With a voice that defined the sound of country music in the 1960’s and beyond, Virginia Pugh – or as Producer Billy Sherrill christened her Tammy Wynette – had a catch in her voice that always seemed to be holding back the tears. Whether in joyous acclamation or dark despair Wynette could take the listener on a two minute journey that turned even the most banal lyrics into a gripping narrative.
Seen through the prism of today’s social and moral attitudes, kitchen sink vignettes like ‘Ways To Love A Man’ and ‘Enough Of A Woman’ hark back to a time when the conservative values of Middle America still held sway. There was no question of burning your bra for many housewives during the Kennedy era though and these recordings unwittingly document a time of quiet desperation for many women. That said there’s a dignity in Wynette’s delivery that tells of the years she experienced poverty, hard work and the life of a single mother after her first marriage dissolved.
These recordings certainly struck a chord with her public; ‘The Ways to Love a Man’ and ‘Tammy’s Touch’ were amongst Tammy’s best-selling albums, both staying in the charts for more than half a year each. Her first number one ‘Elusive Dreams’ – a duet with country legend David Houston is also included along with her much underrated ‘Inspirations’ album which features a stupendous version of ‘You’ll Never Walk Alone’ a personal favourite of hers and to my mind packed with vocal performances she never bettered.

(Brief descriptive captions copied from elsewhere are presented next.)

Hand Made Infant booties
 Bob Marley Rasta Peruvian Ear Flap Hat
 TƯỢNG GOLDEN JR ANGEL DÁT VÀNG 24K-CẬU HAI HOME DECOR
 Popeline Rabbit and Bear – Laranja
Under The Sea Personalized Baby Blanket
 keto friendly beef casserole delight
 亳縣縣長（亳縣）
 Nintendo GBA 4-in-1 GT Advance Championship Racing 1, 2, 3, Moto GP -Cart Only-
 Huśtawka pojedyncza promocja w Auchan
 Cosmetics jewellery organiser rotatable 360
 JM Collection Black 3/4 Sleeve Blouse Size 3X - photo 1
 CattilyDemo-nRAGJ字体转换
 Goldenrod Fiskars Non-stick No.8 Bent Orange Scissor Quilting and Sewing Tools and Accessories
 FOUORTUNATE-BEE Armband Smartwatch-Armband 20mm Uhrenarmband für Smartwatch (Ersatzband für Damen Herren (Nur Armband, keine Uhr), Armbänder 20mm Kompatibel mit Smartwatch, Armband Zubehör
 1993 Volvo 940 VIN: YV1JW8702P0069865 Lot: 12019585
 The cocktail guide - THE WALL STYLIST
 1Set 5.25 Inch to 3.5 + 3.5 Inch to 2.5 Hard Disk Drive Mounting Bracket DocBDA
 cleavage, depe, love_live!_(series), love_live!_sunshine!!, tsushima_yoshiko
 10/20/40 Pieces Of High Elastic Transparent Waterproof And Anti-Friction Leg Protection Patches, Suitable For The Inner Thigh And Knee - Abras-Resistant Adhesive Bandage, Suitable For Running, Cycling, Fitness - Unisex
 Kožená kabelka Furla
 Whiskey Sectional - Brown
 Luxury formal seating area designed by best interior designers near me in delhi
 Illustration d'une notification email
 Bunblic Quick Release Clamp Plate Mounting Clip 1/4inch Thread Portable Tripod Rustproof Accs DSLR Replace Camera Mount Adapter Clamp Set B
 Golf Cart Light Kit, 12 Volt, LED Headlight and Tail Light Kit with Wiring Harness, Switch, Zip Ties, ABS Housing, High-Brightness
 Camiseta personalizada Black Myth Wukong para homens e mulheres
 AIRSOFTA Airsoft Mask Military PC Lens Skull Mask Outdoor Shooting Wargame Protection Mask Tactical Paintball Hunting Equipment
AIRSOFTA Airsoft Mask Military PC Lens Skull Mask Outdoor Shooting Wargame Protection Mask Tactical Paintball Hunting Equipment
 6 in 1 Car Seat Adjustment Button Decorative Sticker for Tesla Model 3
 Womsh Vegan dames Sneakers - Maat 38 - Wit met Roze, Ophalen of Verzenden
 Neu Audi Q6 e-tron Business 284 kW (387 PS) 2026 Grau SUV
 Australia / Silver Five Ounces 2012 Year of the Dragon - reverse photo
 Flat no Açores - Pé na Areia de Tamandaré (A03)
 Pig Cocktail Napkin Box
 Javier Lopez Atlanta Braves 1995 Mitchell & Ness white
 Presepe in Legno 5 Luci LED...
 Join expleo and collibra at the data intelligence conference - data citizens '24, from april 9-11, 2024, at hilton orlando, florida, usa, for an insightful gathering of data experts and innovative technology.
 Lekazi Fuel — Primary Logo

In a sense, though she had no social or political slant this was a period of emancipation for the girl from Alabama. In 2010, “Stand By Your Man” was chosen by the Library of Congress for inclusion in the National Recording Registry, for being a song that is “culturally, historically, or aesthetically significant.” ‘I guess I just enjoy being a woman,’ she once said. These songs demonstrate that she was one of a kind. Tragically she died at the age of just 55 and didn’t live to see it but her legacy lives on.